01 febrero 2015

Obsolescencia programada

Casi todo el mundo ha oído en los últimos tiempos la expresión obsolescencia programada y muchos incluso hemos visto algún documental más o menos exhaustivo sobre el asunto. Para los que no sepan de qué se trata, aclaro que esta expresión hace referencia a la fabricación de bienes de consumo a los que intencionadamente, de una u otra forma, se le asigna una duración limitada con objeto de obligar a los consumidores a reponer el bien.

Lo que se sabe sobre este asunto se ha extendido y ya no es ningún secreto que desde la lavadora a la impresora están programadas para no durar demasiado. En el caso de la impresora se llega al refinamiento de tener un contador de páginas impresas y de tiempo de vida para que sea el que llegue antes al tope el que determine su final.

No hay solución porque es cosa sabida que estamos en manos de fabricantes y comerciantes sin escrúpulos a los que sólo interesa despojarnos de nuestro dinero y obligarnos a ir a la tienda a comprar más o menos lo mismo una y otra vez.

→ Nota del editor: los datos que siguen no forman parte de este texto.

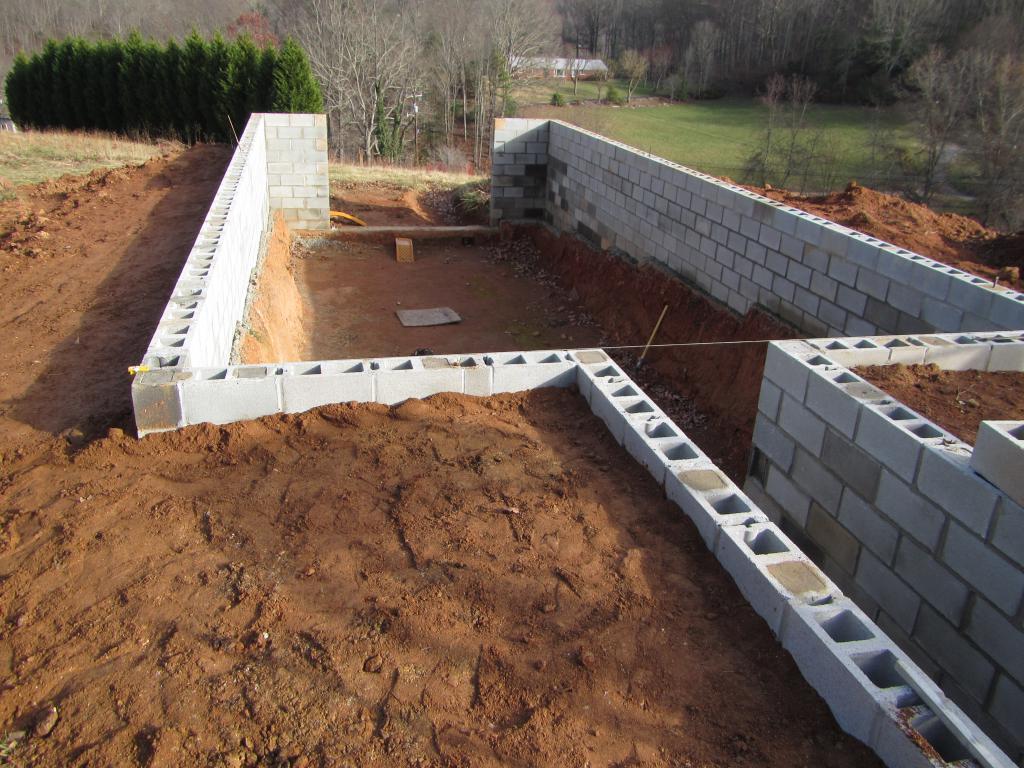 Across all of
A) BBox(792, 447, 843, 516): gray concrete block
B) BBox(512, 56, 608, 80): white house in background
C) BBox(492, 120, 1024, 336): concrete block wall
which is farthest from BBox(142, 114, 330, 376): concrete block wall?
BBox(512, 56, 608, 80): white house in background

Ahora, me gustaría que quien lee esto se detuviera a pensar sobre el mismo tema, pero acerca del ser humano. Todos hemos oído una o muchas veces aquello de “haré al hombre a mi imagen y semejanza”, si la Biblia fuera escrita hoy diría “haré a la mujer y el hombre…” porque ya se sabe que eso de considerar que la referencia al hombre es la referencia al género humano ofende a las feministas impacientes por cargarse el idioma –y el Génesis– al precio que sea.

¿No les parece que esa promesa de creación tiene truco? A ver, si nos hizo a su imagen y semejanza era de esperar que estuviéramos fabricados con buenos materiales y que nuestra duración, si no eterna, fuera menos dolorosa y sin todos los fallos que preceden a la extinción. Me da la sensación de que subcontrató nuestra creación a los chinos y de ahí tanto fallo de funcionamiento, yo diría que fuimos creados también con obsolescencia programada y para colmo con incumplimiento de la palabra dada, pues, si somos semejantes, ¿cómo es que antes de los 70 años –de promedio– comienza a haber fallos en nuestro cuerpo que tenemos que ir arreglando como podemos temporalmente hasta que finalmente nos extinguimos tras numerosos sufrimientos, dolores y penalidades, propios y de quienes nos rodean?  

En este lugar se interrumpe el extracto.